However, according to entrepreneur Steve Blank, every business needs to pay closer attention to its customers. Watching Silicon Valley startups fail due to an unawareness of this basic principle pushed a frustrated Blank to establish the customer development methodology in the 1990s and early 2000s. Created with startups in mind, the customer development methodology remains valuable to modern businesses by providing them with a framework for assessing a product’s viability through the lens of customer demand.
The customer development methodology
This methodology has been described as the opposite of a “If we built it, they will come” philosophy—instead, Blank encourages companies to spend more time testing and interacting with potential customers before they even begin to sell a product or service.
The following four steps establish direction for your product with the goal of identifying potential customers and finding a better way to meet their needs. Whether you’re struggling to come up with the right idea or have been polishing a well-developed brainchild for years, the customer development process can give you insight into what your potential customers actually want.
1. Customer discovery
Every business starts with a hypothesis, but customer development methodology focuses on figuring out how to make your proposed product or service cater best to customer needs. During this phase, you’ll put together a business strategy and then test both your “problem” hypothesis, or your understanding of customer pain points, and your “product” hypothesis, the solution you have developed to solve those pain points.
Answer the following questions to test both of these hypotheses:
- What are your customer’s most significant pain points?
- How much will they pay to solve them?
- Does your product or service solve those pain points?
- Do potential customers believe that your concept will solve their pain points?
Talk to potential customers to back up your own assumptions with real feedback. By listening to real needs, pain points, and opinions about existing products, you’ll ensure your product or service has real value. As Steve puts it, “Stop selling, start listening.”

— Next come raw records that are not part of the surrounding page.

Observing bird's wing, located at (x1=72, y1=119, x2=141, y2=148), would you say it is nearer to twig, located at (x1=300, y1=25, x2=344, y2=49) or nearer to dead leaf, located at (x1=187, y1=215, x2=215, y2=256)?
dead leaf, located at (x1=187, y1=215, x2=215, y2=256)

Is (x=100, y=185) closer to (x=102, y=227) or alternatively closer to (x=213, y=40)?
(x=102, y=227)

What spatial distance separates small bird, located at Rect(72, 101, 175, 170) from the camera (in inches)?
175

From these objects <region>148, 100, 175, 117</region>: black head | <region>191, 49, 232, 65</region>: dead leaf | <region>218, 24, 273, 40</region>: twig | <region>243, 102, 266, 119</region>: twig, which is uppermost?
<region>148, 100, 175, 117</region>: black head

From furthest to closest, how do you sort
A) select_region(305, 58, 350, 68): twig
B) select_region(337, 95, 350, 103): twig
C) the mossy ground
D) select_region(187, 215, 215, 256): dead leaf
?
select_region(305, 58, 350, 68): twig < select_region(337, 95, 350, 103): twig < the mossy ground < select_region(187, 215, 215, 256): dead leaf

You can use Lucidchart to document customer responses and research, make notes, and catalog the information you gather in one easy-to-access place that will remain a resource for you and your team as you move forward.
2. Customer validation
Now that potential customers have verified your concept, you can prepare to sell. During this second phase, you’ll develop a repeatable, scalable sales process as you sell to “earlyvangelists,” or visionary customers who immediately understand the need for your product or service. Use the insight you gathered from customer discovery to develop the materials you need, including a business model canvas, value propositions, sales collateral, and product positioning.
If you look to other startups for guidance, keep in mind that sales, marketing, and business development will radically change depending on which of the three market types you go after:
- Existing market
- Resegmented market
- New market
According to Steve Blank, this is the step of the customer development process that shows you whether your business has a future. That decision is always for the business owners and stakeholders to make—after all, other factors like capital and overhead will also affect your business’s viability.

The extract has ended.